Okay. On the amendment, do you wish to make any comments, Member?

On the amendment.

Claire Rattée: I think I’ve made most of the comments previously, because obviously, this is very similar to the amendment I already moved. I would just, again, state for the record that the reason I’m bringing this forward is to try and clear up some of the ambiguity that I do believe exists around where treatment authority comes from. I would really like to provide clinicians with that certainty.

I do appreciate that the minister and the Chair have indulged me to try and go through this process again here. Really, quite simply, I still have significant concerns at this point that that authority piece is not clear.

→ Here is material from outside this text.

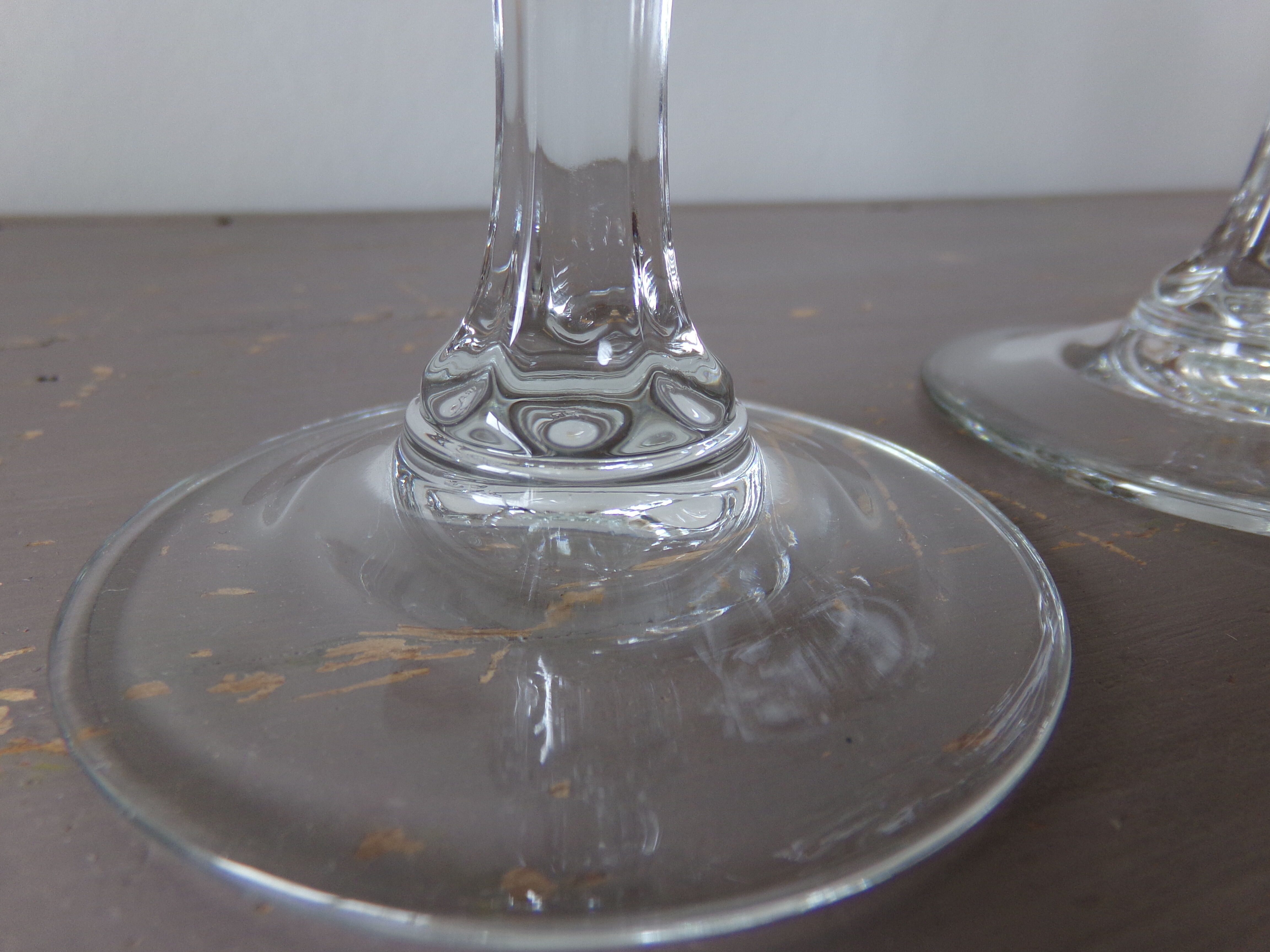 5 old walking glasses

Again, I understand that I’m not a doctor and that I wasn’t trained as a doctor, and so my interpretation of this act may be different from what a doctor’s is, but I would still say that I spent a significant amount of time researching and preparing for this and reading through the Mental Health Act, and my interpretation is still exceptionally unclear about where that authority is actually coming from, and I really want to try and avoid any possible negative, unintended consequences.

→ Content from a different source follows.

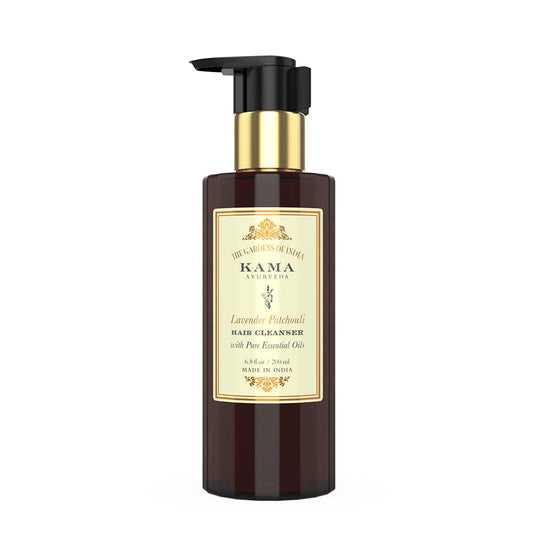 Kama Ayurveda Lavender Patchouli Hair Cleanser: Pure Essential Oils,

Again, I will state that I understand that that would not be the intended consequences from this ministry. I do have fears that it could potentially result in that, so that is why I’m hoping that this amendment will pass.

The Chair: This amendment has been found to be in order.

Hon. Josie Osborne: I want to spend a little bit more time on this and not just give the same answer that I’ve given for the previous amendments, although the answer is effectively the same.

First of all, I really want to thank the member for…. She has put a lot of time and effort and thought into this. What I am seeing is a consistent request to reduce the ambiguity or to feel more certain that the core scheme of involuntary care indeed does lie in section 8, and that by placing a reference to that in the act somewhere provides peace of mind.

It is a challenging situation to be in, I think, when reviewing legislation and making amendments, and I, of course, as minister, have the benefit of lots of different minds and legal advice, and that is not the same for all members of the House.

I would maintain again that the authority does exist in section 8 and that it does not need to be referred to, and that this amendment, if passed…. Actually, what remains in section 31, then, is the wording around second opinion. The additional section actually might be viewed as being incongruent with that, but it doesn’t take away from the intention, I think, of the member.

Again, from 1964 to 1981 in our province, we have had involuntary care that has operated with the authority coming from section 8. In 1981, as the result of a court case in the Supreme Court of Canada, an additional measure was taken to assure health care workers who provide treatment were protected from tort claims of assault and battery. Why they chose to do it in section 31 and not in section 16, I guess we may be left wondering for a while, but that is what they chose to do.

Over time, section 31(1) has come to be colloquially known as the deemed consent provision, and it has created confusion. It is the confusion that is the source of the amendments that I am proposing through this bill, in order to make that implicit liability shield that exists explicit. That is the sole purpose of these amendments.

Nothing about this bill defeats the charter challenge that is before the court. As we have canvassed previously, it is possible, although obviously the province is hopeful to win, but it is possible that involuntary care, the regime, could be struck down entirely, in which case, one of several things may happen.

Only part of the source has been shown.